In fact, compared to any dogs, cats or people I’ve roomed with, he’s been an outstanding guest. He doesn’t make any noise, doesn’t borrow my things, doesn’t shed on the upholstery or play bad electronic music. He doesn’t eat very much, apparently satisfied with whatever scraps remain on my spent strands of dental floss.
He never asks me to drive him anywhere or make him breakfast. He doesn’t smoke, swear around children, use all the toilet paper, or leave the gas tank empty. He asks for so little, I can’t imagine putting him to death just because I might be very slightly more at ease if he wasn’t staying with me.

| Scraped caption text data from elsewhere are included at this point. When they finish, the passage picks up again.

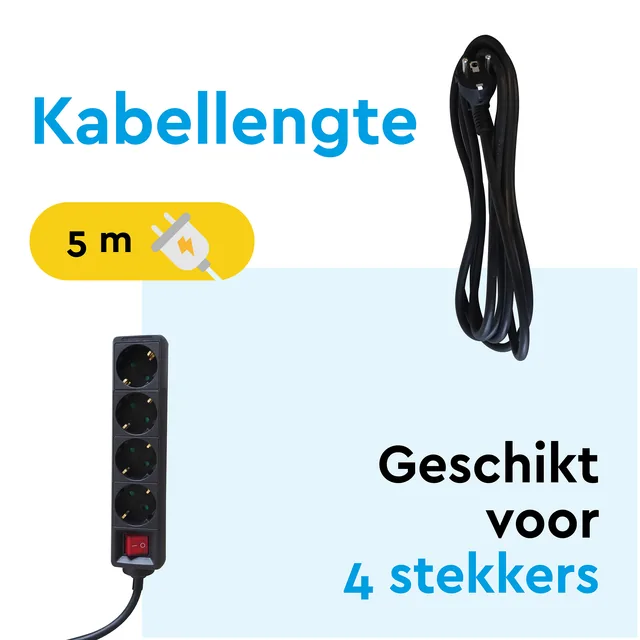 Stekkerdoos BRASQ 4 voudig 5 meter zwart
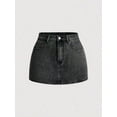 thumbnail image 2 of Black Bow-Decorated Denim Mini Skirt With Tie-Details For Summer, 2 of 4
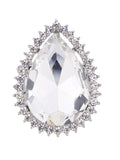 NYFASHION101 Women's Teardrop Stone Studs Fashion Stretch Ring
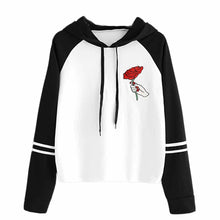 Load image into Gallery viewer, Give A Rose Cropped Hoodie - Black Crown Fashion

I guess bugs make people uncomfortable, and that’s reason enough to crush their little bodies with a Kleenex. Luckily, we human beings are too big for most animals to crush us on a whim like that, even if we do make them very nervous.
I know, it’s just a bug. From six feet up he looks like a self-propelled piece of lint. Useless, unsophisticated, unworthy. No reason to let it live.

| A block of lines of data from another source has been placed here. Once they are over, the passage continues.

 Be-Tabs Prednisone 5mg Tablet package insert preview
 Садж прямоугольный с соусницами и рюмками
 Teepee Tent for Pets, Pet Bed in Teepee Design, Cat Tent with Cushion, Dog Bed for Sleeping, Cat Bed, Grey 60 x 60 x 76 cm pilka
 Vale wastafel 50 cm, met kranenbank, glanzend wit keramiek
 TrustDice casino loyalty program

But these are all human perspectives. If I was a lot closer, I might see how elegant and refined his little legs and carapace are. If I was a lot smaller, I might be terrified. I would certainly have more respect for him.
Here is the head and upper body of a shield bug. Notice how much detail exists even at this level.
If we could see, at a casual glance, just how intricate and sophisticated these tiny animals really are, we might not roll up our newspapers so quickly. It is hard to appreciate their elegance when you’re watching them scurry, from a broom’s-length away, into the gap between the fridge and the cupboard. But it’s there.
I like that I’m a homo sapien. If before our births we all had to pick, out of some cosmic hat, what species we’d be, I think homo sapien might just be the best one. But obviously it isn’t the only one. The vast majority of living things (and I mean 99.999999% vast) are not human. But they’re just as alive, and just as interested in staying that way.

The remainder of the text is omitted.